Maria jamais quis ser um profissional do ramo – fazia música ou letra quando lhe dava na telha ou se lhe vinha uma inspiração. Mesmo assim, deixou um legado de melodias e imagens imortalizado pelas maiores vozes do país. Apenas enquanto viveu, Maria foi gravado por Nora Ney, Aracy de Almeida, Doris Monteiro, Dircinha Baptista, Dolores Duran, Leny Eversong, Maysa, os grandes e esquecidos Luiz Cláudio e Gilberto Milfont, Elizeth Cardoso, Carlos Galhardo, Ângela Maria, Agostinho dos Santos, Pery Ribeiro, Lúcio Alves, João Gilberto e Nat King Cole – que tal? Entre os da sua geração, só Antônio Carlos Jobim teria um cartel igual.
E o incrível é que, com uma obra relativamente pequena, Maria tenha deixado tantas canções que ficaram na memória de tantos. Duvida? Uma consulta rápida à minha própria memória traria de volta coisas como estas:
“Ninguém me ama/ Ninguém me quer/ Ninguém me chama de meu amor// A vida passa/ E eu sem ninguém/ Quem me abraça não me quer bem...” (“Ninguém me ama”, com Fernando Lobo… na verdade, sem Fernando Lobo, porque Maria fez tudo e só lhe deu parceria). “Vento do mar e o meu rosto a queimar, queimar/ Calçada cheia de gente a passar e a me ver passar/ Rio de Janeiro, gosto de você/ Gosto de quem gosta/ Deste céu, deste mar/ Desta gente feliz// Bem que eu quis escrever/ Um poema de amor, e o amor/ Estava em tudo que eu quis/ Em tudo quanto eu amei...” (“Valsa de uma cidade”, com Ismael Netto).
“Dorme, menino grande/ Que eu estou perto de ti/ Sonha o que bem quiseres/ Que eu não sairei daqui/ Oh vento, não faz barulho/ Meu amor está dormindo/ E o mar não bata com força/ Porque ele está dormindo...” (“Menino grande”, só dele). “Nunca mais vou fazer/ O que o meu coração pedir/ Nunca mais vou ouvir/ O que o meu coração mandar// O coração fala muito/ E não sabe ajudar/ Sem refletir/ Qualquer um vai errar, penar...” (“Canção da volta”, com Ismael Netto).
“Guarda a rosa que eu te dei/ Esquece os males que eu te fiz/ A rosa vale mais que a tua dor// Se tudo passou, se o amor acabou/ A rosa deve ficar/ Num canto qualquer do teu coração/ O amor reviverá...” (“O amor e a rosa”, com Pernambuco). “Quando tu passas por mim/ Por mim passam saudades cruéis/ Passam saudades de um tempo/ Em que a vida eu vivia a teus pés...” (“Quando tu passas por mim”, com Vinicius de Moraes). “Sou da noite do Rio/ Da noite macia do Rio/ Eu sou deste bar que me chama/ Em nome de alguém que me ama// Sou da noite do Rio/ Da noite bonita do Rio/ Dou graças a Deus se tem lua/ Pois fico mais tempo na rua...” (“Carioca 1954”, também com Ismael Netto).

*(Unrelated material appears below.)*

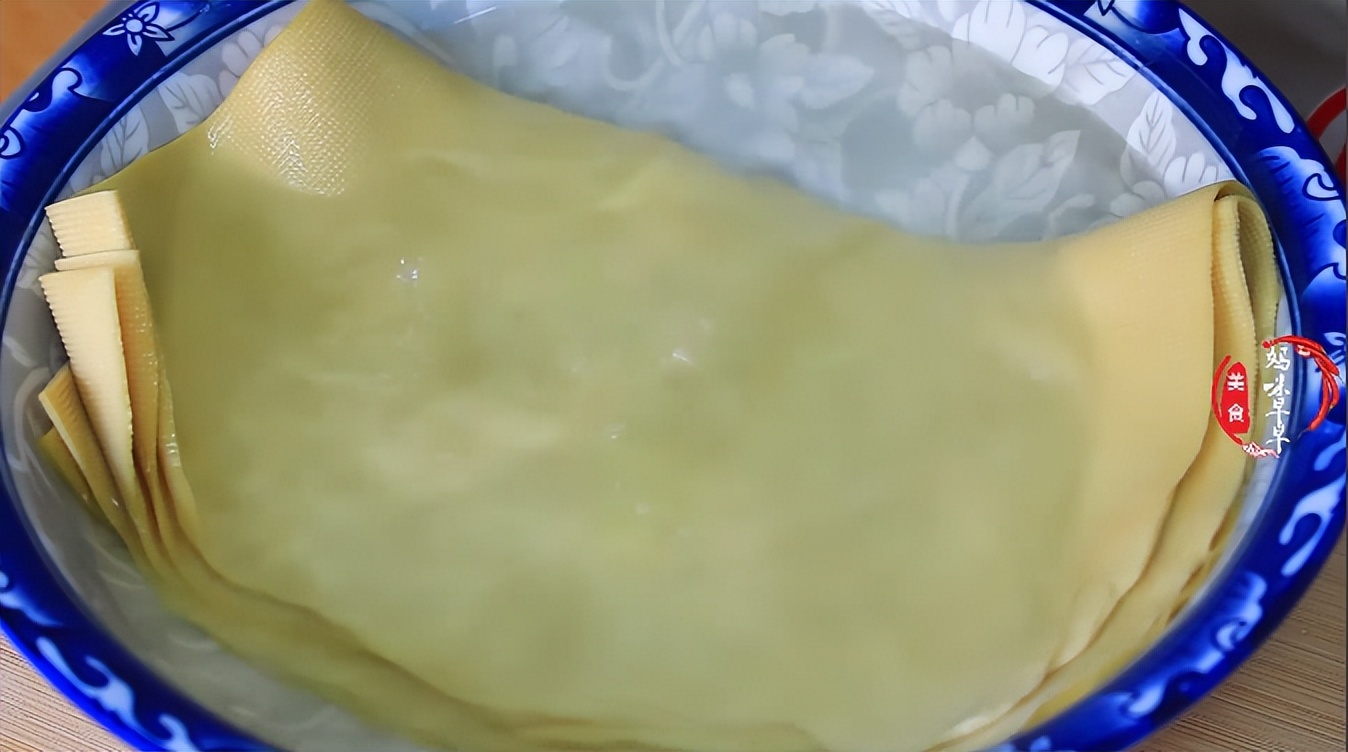 在家做一些简单的零食_在家做零食 烤豆皮 葱花酥饼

“Nesta noite comprida/ Onde anda você?/ Neste instante da vida/ Onde anda você?/ Por que você não vem/ Meu bem, por quê?/ Nesta hora perdida/ Eu queria você//* Fui como um resto de bebida/ Que você jogou fora/ E na hora/ Farta de mim/ Me esqueceu...” (“Onde anda você?”, com Reynaldo Dias Leme). “De que serve viver tantos anos sem amor/ Se viver é juntar desenganos de amor/ Se eu morresse amanhã de manhã/ Não faria falta a ninguém// Eu seria um enterro qualquer/ Sem saudade, sem luto também...” (“Se eu morresse amanhã de manhã”, também com Pernambuco).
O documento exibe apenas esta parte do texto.